Este é o aspecto mais ambivalente concernente a tais criaturas. Como será o desenrolar a partir da inserção da escrita e da leitura na formação da nova raça? Sendo crianças muito perspicazes, como a narrativa sugere, certamente aprenderão rápido e passarão as informações umas para as outras, consumindo e transcriando aquilo que foi ensinado por Toby. A própria narradora questiona: “Have I ruined them?” [Será que os estraguei?]. A indagação remete ao projeto original de Crake, que previa uma raça sem acesso às informações do mundo humano. Como eles se desenvolverão a partir da interferência de Toby?

Esta é uma questão que nos direciona para a noção de devir desses humanoides, os quais se apresentam como seres fluidos e híbridos na própria constituição de misturado material genético humano com o de animais e plantas. Na interação com os humanos, subvertem inclusive a condição imposta pelo seu criador (parar a condição humana), e a partir da alfabetização de Blackbeard — o primeiro dos Crakers a desenvolver a habilidade da escrita — podemos vislumbrar um provável processo de reumanização, através do resgate daquilo que Crake tentou apagar:

Eu sou Blackbeard, e esta é a minha voz que estou escrevendo para ajudar Toby. Se olharem para este escrito que eu fiz, vocês podem me ouvir (eu sou Blackbord) falando com vocês, dentro da sua cabeça. Isto que é escrita. Mas os Porcões podem fazer isso sem escrever. E às vezes nós podemos também, os Filhos de Crake. Os duas-peles não podem fazer isso

(Atwood, 2013ATWOOD, Margaret. MaddAddam. New York: Nan A. Talese Doubleday, 2013., p. 377, tradução minha).21 21 No original: “I am Blackbeard, and this is my voice that I am writing down to help Toby. If you look at this writing I have made, you can hear me (I am Blackbord) talking to you, inside your head. That is what writing is. But the Pig Ones can do that without writing. And sometimes we can do it, the Children of Crake. The two-skinned ones cannot do it”.

As orações simples e erro de ortografia do próprio nome (Blackbord) sinalizam que a personagem ainda tem certa dificuldade em articular a escrita.

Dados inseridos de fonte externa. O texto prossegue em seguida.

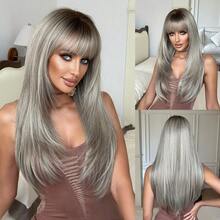 NICKY WALL 24 Inch Layered Gray Ombre Wigs For Women Long Straight Dark Roots Wigs With Bangs, High Density Fluffy Synthetic Heat Resistant Fiber Hair Wig For Daily Wear,Festival Party Use - Gray Ombre - View 12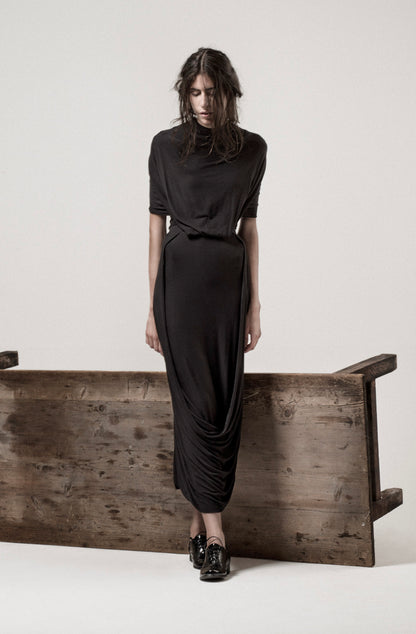 Zero-waste black skirt. Sustainable luxury fashion made in UK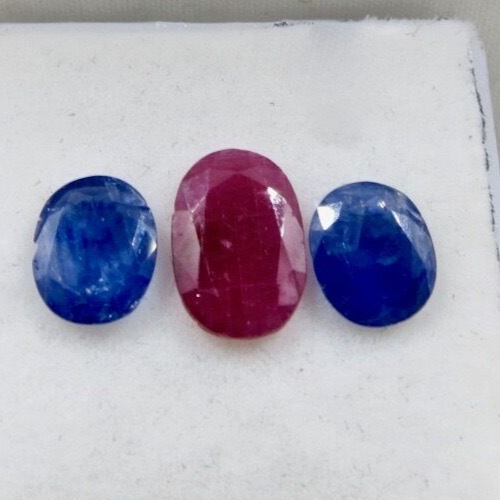 Natural Ruby & Blue Sapphire 3 Pc Oval Cut Gem 3.15 Ct Ring/pendant Design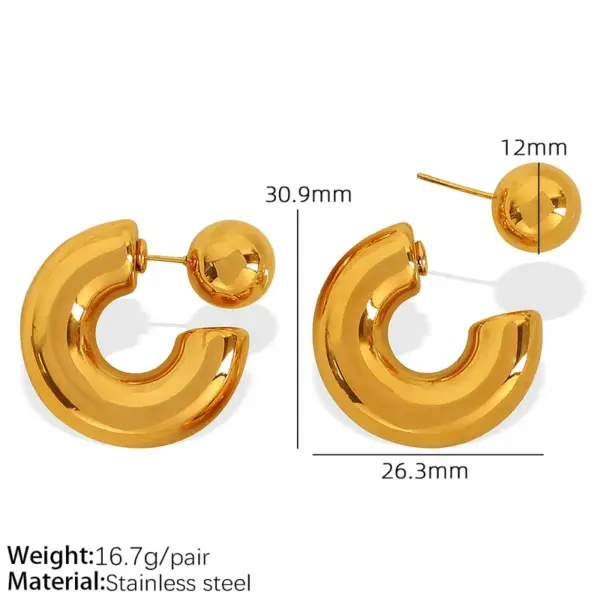 Wholesale Ion Plating (IP) Real Gold Plated 18K Gold C Shape Round 304 Stainless Steel Casual Retro IG Style Waterproof Non Tarnish Ear Studs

Independentemente disso, no entanto, Blackbeard destaca nesse excerto um traço marcante dos Crakers: a cooperação. Como ele mesmo coloca, escreve para ajudar Toby. Através da citação, o/a leitor/a consegue vislumbrar o encontro de três espécies distintas: os Filhos de Crake, os Porcões [Pig Ones] e os humanos, os ditos “duas-peles” [two-skinned ones]. Este grupo de seres diferentes é o que vai formar uma comunidade multiespécie no contexto pós-humano, conforme proponho analisar a partir daqui.

Antes de prosseguir, recorro mais uma vez às reflexões de Krenak em uma das passagens que considero mais genuínas e potentes em seu Futuro ancestral. Ele, portanto, nos narra acerca de seu aprendizado enquanto indígena que recebeu a partir da fricção com a natureza:

Essa liberdade que tive na infância de viver em conexão com tudo aquilo que percebemos como natureza me deu o entendimento de que eu também sou parte dela. Então, o primeiro presente que ganhei com essa liberdade foi a de me confundir com a natureza num sentido amplo, de me entender como uma extensão de tudo, e ter essa experiência do sujeito coletivo. Trata-se de sentir a vida nos outros seres, numa árvore, numa montanha, num peixe, num pássaro, e se implicar

(Krenak, 2022KRENAK, Ailton. Futuro ancestral. São Paulo: Companhia das Letras, 2022., p. 102-103).

O pensamento acima evoca reverberações na caracterização dos neoindígenas em MaddAddam. Os Crakers são na verdade seres híbridos, resultado de uma mistura de espécies distintas, desafiando assim os limites impostos por uma visão antropocêntrica, informada pela lógica ocidental, e que é frequentemente criticada pela filosofia de Ailton Krenak. Parece-me que ambos, Krenak (a partir de sua experiência) e Atwood (na sua criatividade especulativa) convergem na mesma direção: o resgate de vínculos com a ancestralidade para a construção de uma aliança multiespécie.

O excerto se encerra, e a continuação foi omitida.